(Data items)
+===+

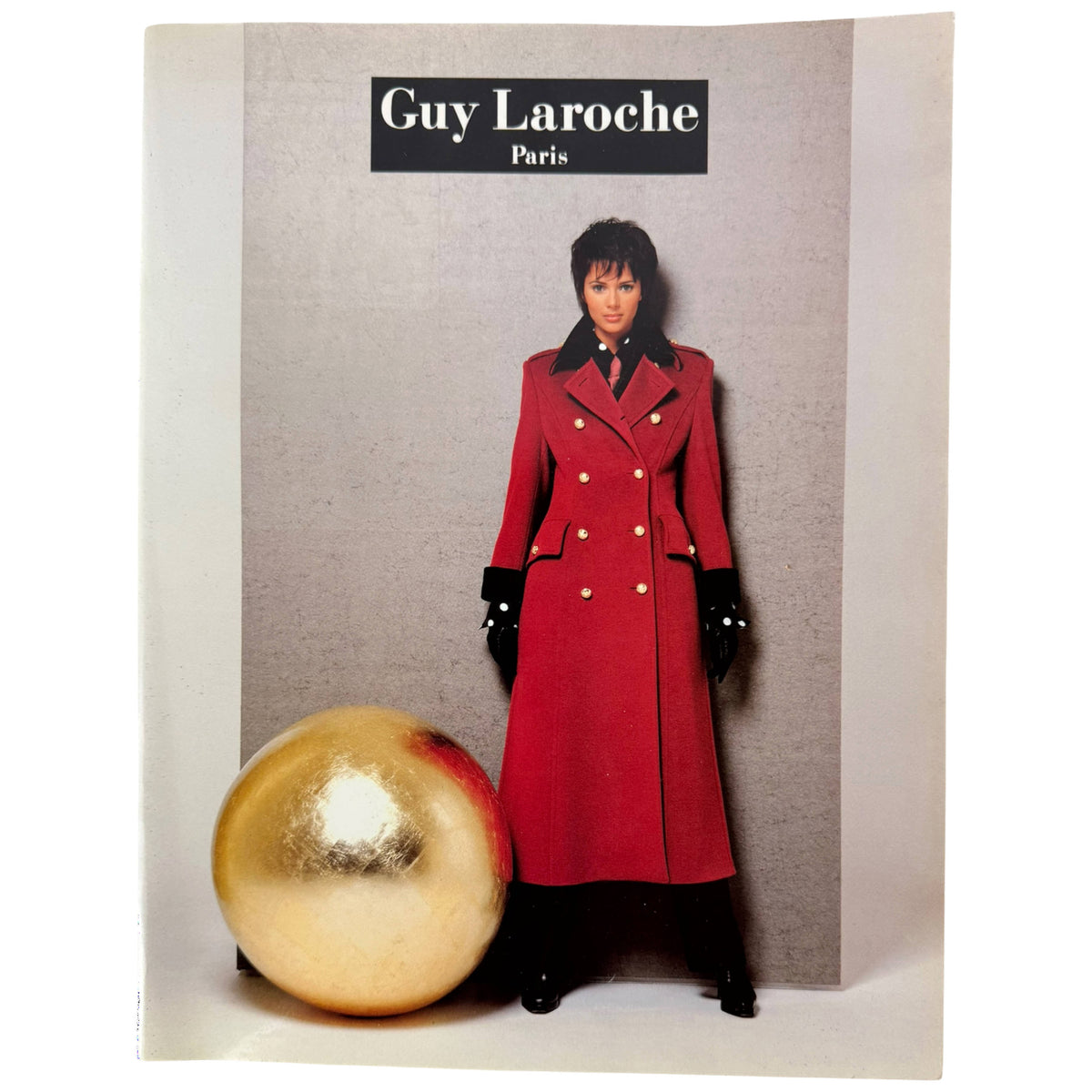 Guy Laroche Paris Fall Winter 1993-94 fashion lookbook cover 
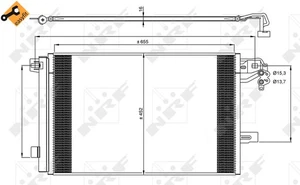 NRF Air-con Condenser - 350064 - Picture 1 of 3
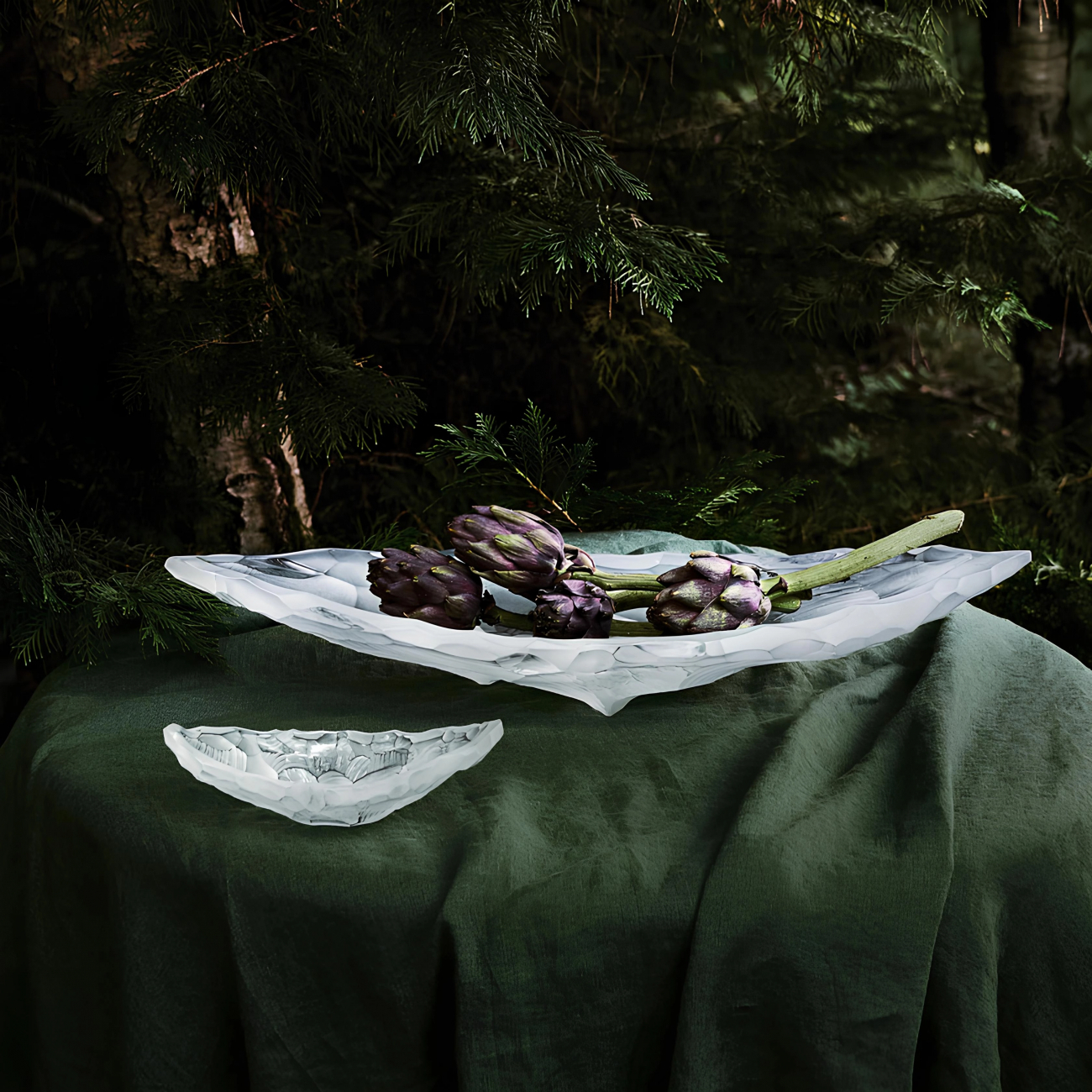 Блюдо для фруктов Silex 22х12 см прозрачное, хрусталь – 2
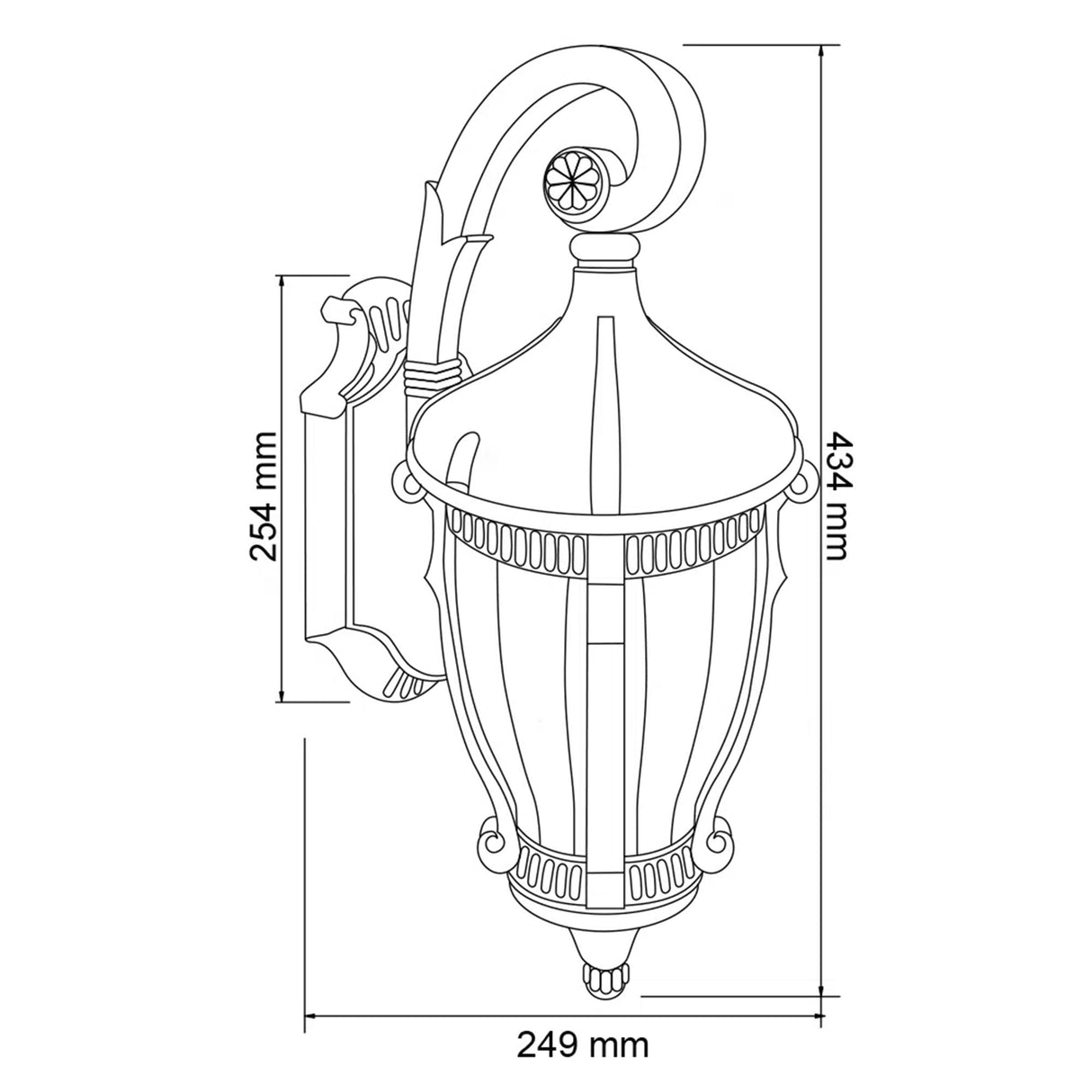 FAROL DE EXTERIOR SEGOVIA TECNOLITE PARA SOBREPONER 20W BASE E27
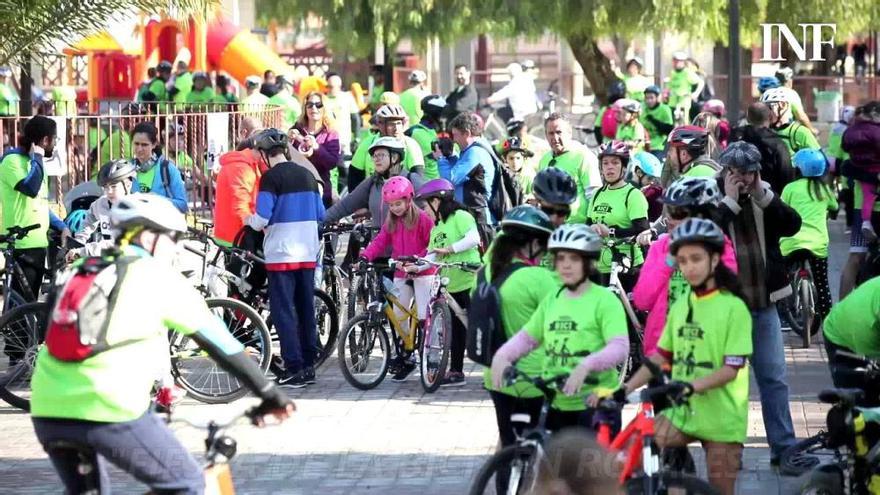 La «Fiesta de la bici» reúne en Rojales a más de 300 personas
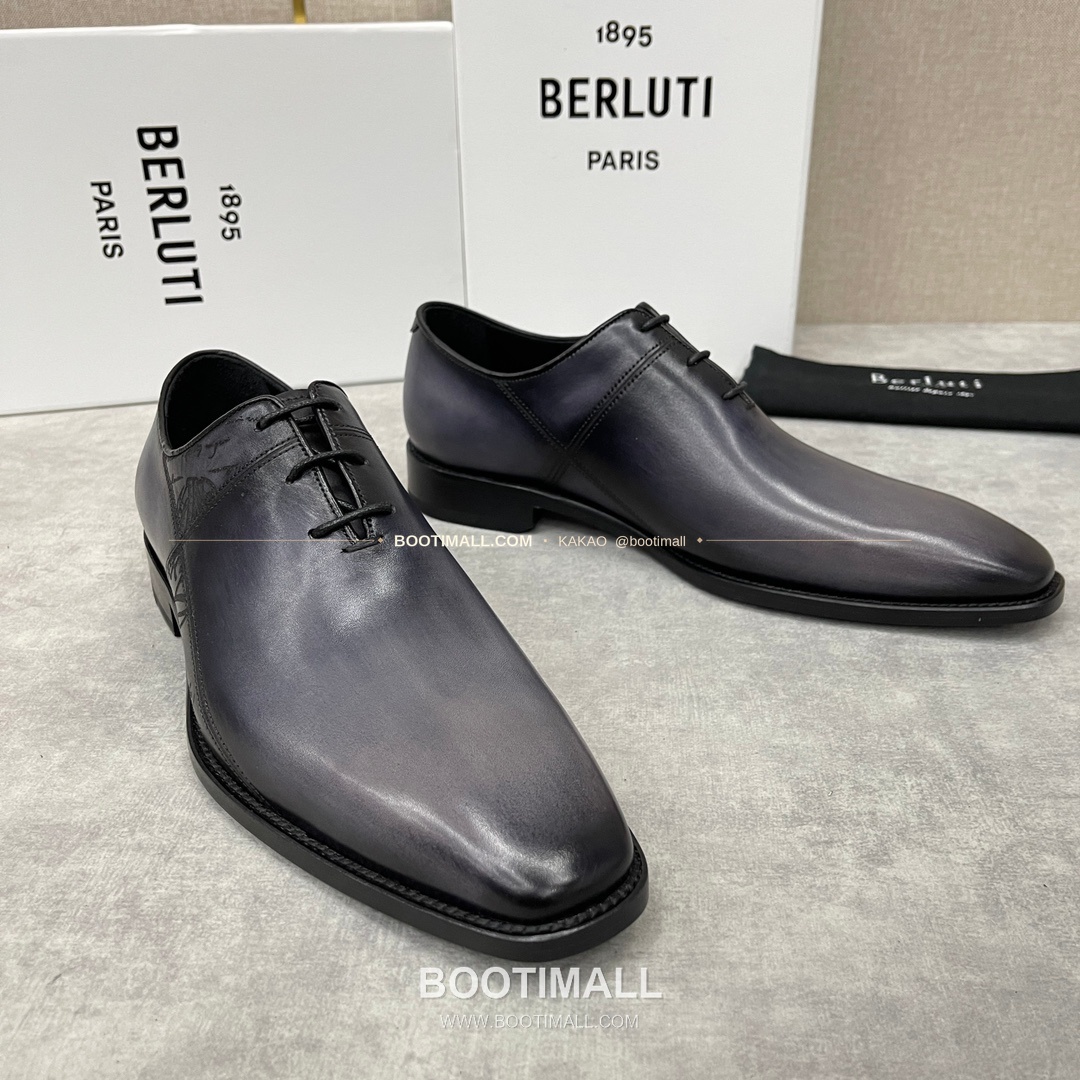 벨루티 송아지가죽 브로그 펀칭 슬림핏 옥스퍼드 구두 Berluti Calfskin Brogue Perforated Slim Oxford Shoes 2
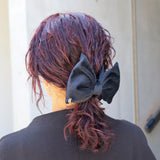 Matte Velour Big Ribbon Hair Clip
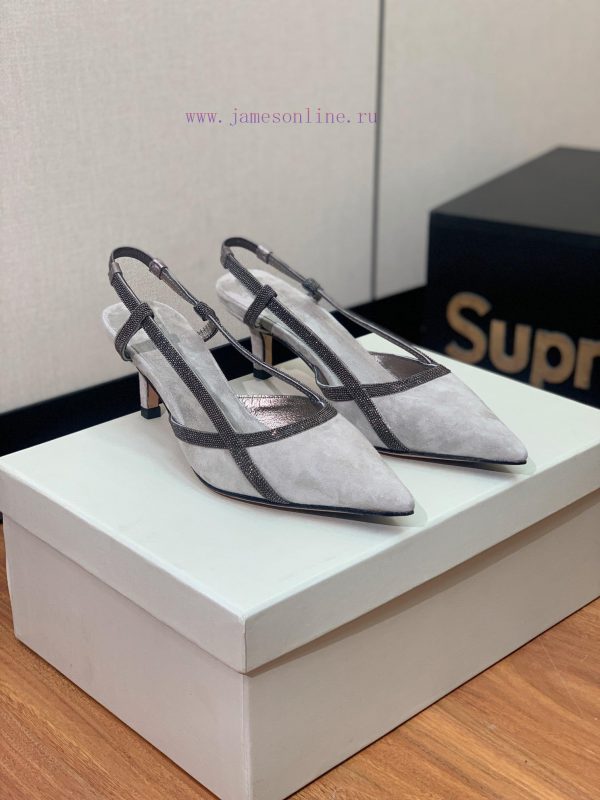The classic inspiration of BRUNELL CUCINELL rear air sandals defines the modern and elegant h5drgtty - Image 3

+===+

**Task to complete:**
Repeat every record above exactly. The pictures do not belong in the copy.

**Your solution:**
 Guy Laroche Paris Fall Winter 1993-94 fashion lookbook cover 
 NRF Air-con Condenser - 350064 - Picture 1 of 3
 Блюдо для фруктов Silex 22х12 см прозрачное, хрусталь – 2
 FAROL DE EXTERIOR SEGOVIA TECNOLITE PARA SOBREPONER 20W BASE E27
 La «Fiesta de la bici» reúne en Rojales a más de 300 personas
 벨루티 송아지가죽 브로그 펀칭 슬림핏 옥스퍼드 구두 Berluti Calfskin Brogue Perforated Slim Oxford Shoes 2
 Matte Velour Big Ribbon Hair Clip
The classic inspiration of BRUNELL CUCINELL rear air sandals defines the modern and elegant h5drgtty - Image 3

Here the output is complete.